基于人工智能（AI）的工具和系统在能力、推理和效率方面的巨大进步是显而易见的。这类工具中值得一提的例子包括基于生成式人工智能的大型语言模型（LLM），如生成式预训练变换器 3.5（GPT 3.5）、生成式预训练变换器 4（GPT-4）和巴德（Bard）。LLMs 用途广泛，可有效完成各种任务，如创作诗歌、编写代码、生成文章和解谜。迄今为止，LLM 只能有效处理基于文本的输入。然而，最近的进步使它们能够处理多模态输入，如文本、图像和音频，从而使它们成为高度通用的工具。LLM 在模式识别任务（如分类）中取得了不俗的表现，因此，人们对通用 LLM 的表现是否能与专为特定任务训练的专业深度学习模型（DLM）相媲美甚至更胜一筹充满了好奇。在本研究中，我们比较了微调 DLM 与通用 LLM 在基于图像的情感识别中的表现。我们训练了 DLMs，即一个卷积神经网络（CNN）（使用了两个 CNN 模型：\(CNN_1\)和\(CNN_2\))、ResNet50和VGG-16模型，然后在另一个数据集上测试它们的性能。随后，我们将同一个测试数据集交给了两个支持视觉的 LLM（LLaVa 和 GPT-4）。结果发现，CNN_2\是最优秀的模型，准确率为62%，而VGG16的准确率最低，只有31%。在 LLM 类别中，GPT-4 表现最好，准确率为 55.81%。LLava LLM 的准确率高于（CNN_1）和 VGG16 模型。其他性能指标，如精确度、召回率和 F1 分数，也呈现出类似的趋势。然而，GPT-4 在小型数据集上的表现最好。在 LLMs 中观察到的较差结果可归因于它们的通用性，尽管进行了大量的预训练，但它们可能无法像针对特定任务微调的模型那样有效地捕捉特定任务（如图像中的情感识别）所需的特征。LLM 并没有超越专用模型，但取得了不相上下的性能，这使它们成为无需额外训练即可完成特定任务的可行选择。此外，当可用数据集较少时，LLMs 也可被视为一种很好的选择。
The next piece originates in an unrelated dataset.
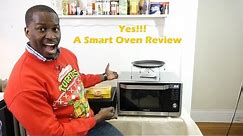 Samsung Convection Microwave Smart Oven Review & Cooking Tips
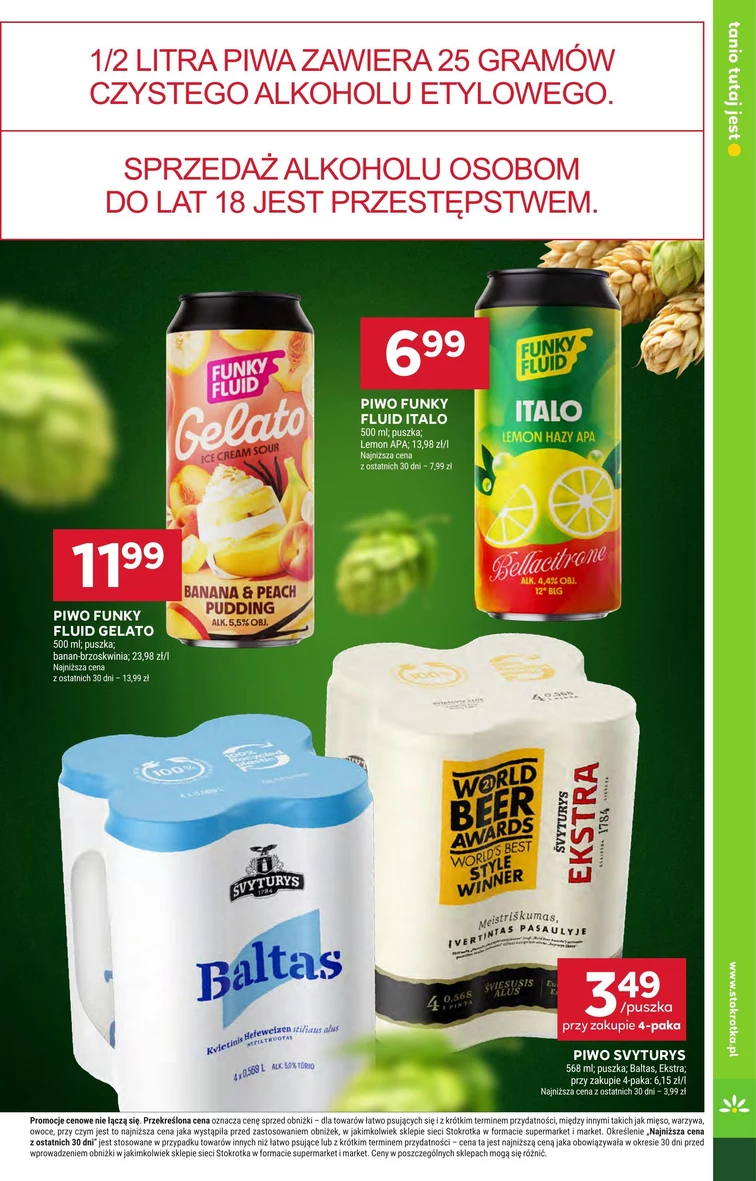 leaflet page preview image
本文章由计算机程序翻译，如有差异，请以英文原文为准。

求助全文

约1分钟内获得全文求助全文

来源期刊

Cognitive Computation COMPUTER SCIENCE, ARTIFICIAL INTELLIGENCE-NEUROSCIENCES

CiteScore

9.30

自引率

3.70%

发文量

116

审稿时长

>12 weeks

期刊介绍： Cognitive Computation is an international, peer-reviewed, interdisciplinary journal that publishes cutting-edge articles describing original basic and applied work involving biologically-inspired computational accounts of all aspects of natural and artificial cognitive systems. It provides a new platform for the dissemination of research, current practices and future trends in the emerging discipline of cognitive computation that bridges the gap between life sciences, social sciences, engineering, physical and mathematical sciences, and humanities.